〝救い〟ってなに

本願寺新報 2014(平成26)年4月 1日号掲載
本多 靜芳(ほんだ しずよし)(東洋大学非常勤講師)

変えられないことも

変えられないことも

カット 林 義明

人間の苦しみ悩みの解決を求めたお釈迦さまが、求道(ぐどう)の末に開いた「さとり」から始まるのが仏教です。ですから、この世界と人間の具体的な苦悩の現実から、自分自身のさまざまな問いを元にして、その問題解決の道を経典(きょうてん)に尋ねる、という営みが仏教です。

さて、人生の不安や苦悩のしくみ(構造)は、自分の思い(自我)と、経験している出来事(事実)がずれることで生まれます。それなら、これらが一致するようになれば、不安や苦悩はなくなります。そのためには、二通りの方法が考えられます。

一つは、出来事を自分の思いに合わせるように変化させることです。病気ならば、治療を受け、健康な身体に変えることです。
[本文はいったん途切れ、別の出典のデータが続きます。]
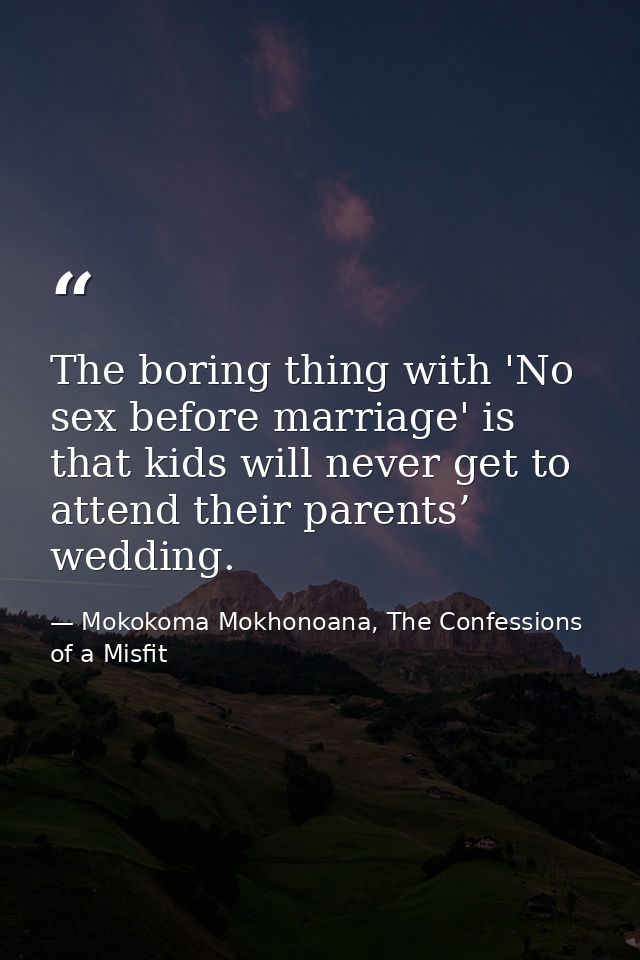 The boring thing with 'No sex before marriage' is that kids will never get to attend their parents’ wedding. — Mokokoma Mokhonoana, The Confessions of a Misfit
人間は、こうした努力で文化や社会を発展させてきました。

もう一つは、出来事が変えられないなら、事実をありのままに受けとめられるよう、自分の思いを改め変えることです。

人生を生きるとき、思い通りにならない事実を少しでも変えて、お互いが暮らしやすい平和で平等な生活、そして、争いや差別のない社会をつくっていくことは、とても重要です。

しかし、人生の出来事には、どうしても変えられないことがあります。それをお釈迦さまは、生老病死(しょうろうびょうし)、さらに、愛別離苦(あいべつりく)などといわれ、そこから真実の生き方を示されています。

ねてもさめても

私は小学校1年で曾祖母(そうそぼ)(ひいおばあさん)が、2年で祖母が、3年で母方の伯父(おじ)が、そして、4年で父が死にました。いずれも、自宅で亡くなっています。その頃、夜、布団に入ると天井を見ながら、似ているようだけど少しずつ違う板の模様に、一人ひとりの人間の生きざまや自分の死にざまを考える少年期を送りました。その頃の家は残っていませんが、あの部屋で父は、祖母は死んだという思い出の中に、その死はあります。
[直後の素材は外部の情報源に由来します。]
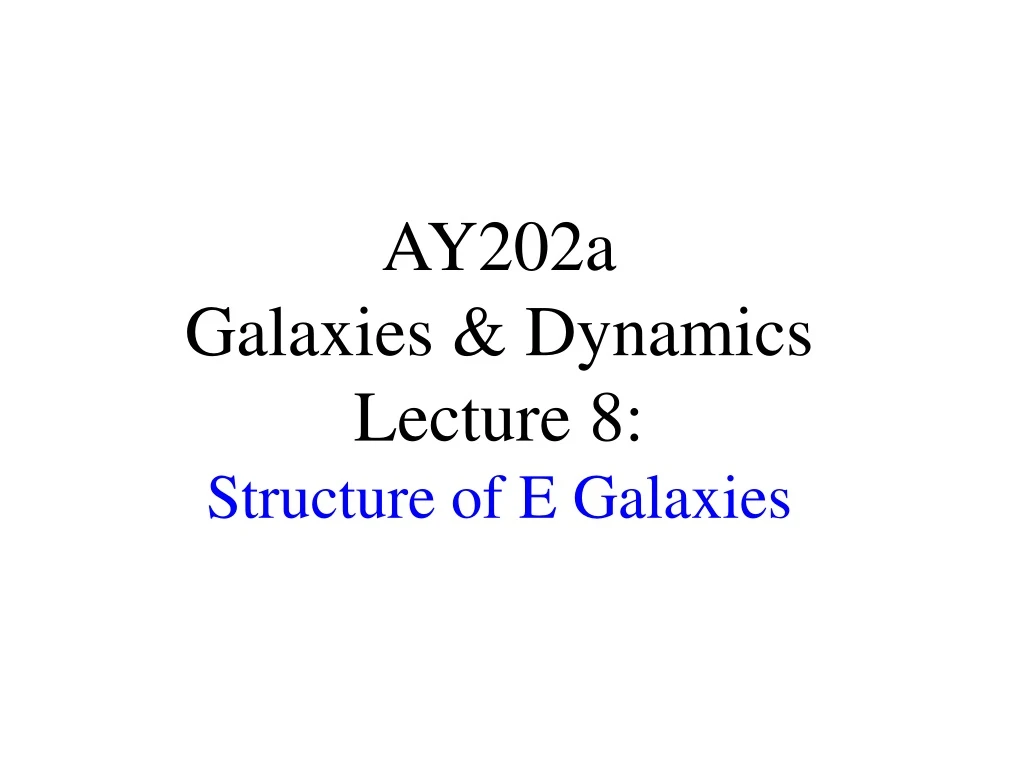 ay202a galaxies dynamics lecture 8 structure of e galaxies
1977年、自宅で亡くなる人の数より病院で亡くなる人の数が上回りました。今では9割を超える人が、医療関係の施設で亡くなって、自宅で看(み)とることは希(まれ)です。また、葬式も自宅ですることが珍しくなり、現代の生活環境は、死を考えるものではなくなってきています。

以前、子どもを葬式に連れて行かない若い親がいると聞きました。そういう不吉な姿を子どもに見せたくないということでした。すると、こういう方は、自分が死んでも、子どもには来るなということになるのでしょうか。

都内の坊守さんが、近くのレストランの経営者に、法事のお斎(とき)(食事)を希望する門徒さんの話をすると、断られたそうです。黒い服を着ている人が出入りすると、他の客に対してエンギが悪いということでした。

エンギがどうであろうと、子どもにも、死というものを見つめさせ、自覚させることがないと、生きていることの尊さ不思議さ、いのちの有り難さが、だんだん感じられなくなるのではないでしょうか。

浄土真宗では、座禅などの出家者の行(ぎょう)は勧(すす)めません。ただ、お念仏を日常生活の中で、称(とな)えなさいと勧めます。

 弥陀大悲(みだだいひ)の誓願(せいがん)を
 ふかく信ぜんひとはみな
 ねてもさめてもへだてなく南無阿弥陀仏をとなふべし
 (註釈版聖典609ページ)

阿弥陀仏の教えに出遇(であ)い、その本願の勧めるお念仏を生活習慣として称えていくならば、そこに新しく浄土真宗らしい人格が育てられていきます。

苦しいときにも、いつもアミダさまが一緒にいてくださる。今日のいのち、この巡り合わせをかけがえのない尊いことだったと受けとめられるような人格主体が生まれていきます。それを「お育てにあう」と私は受けとめています。これこそ、事実をありのままに受けとめられるような人格が育てられることだと思います。

「三度の飯がおいしいときに仏法は聞くものだ」と聞いたことがあります。

お念仏を称え、親鸞聖人のまことの浄土真宗を通して、阿弥陀仏の教え、お釈迦さまの教えを大切に生きていきたいと思うことです。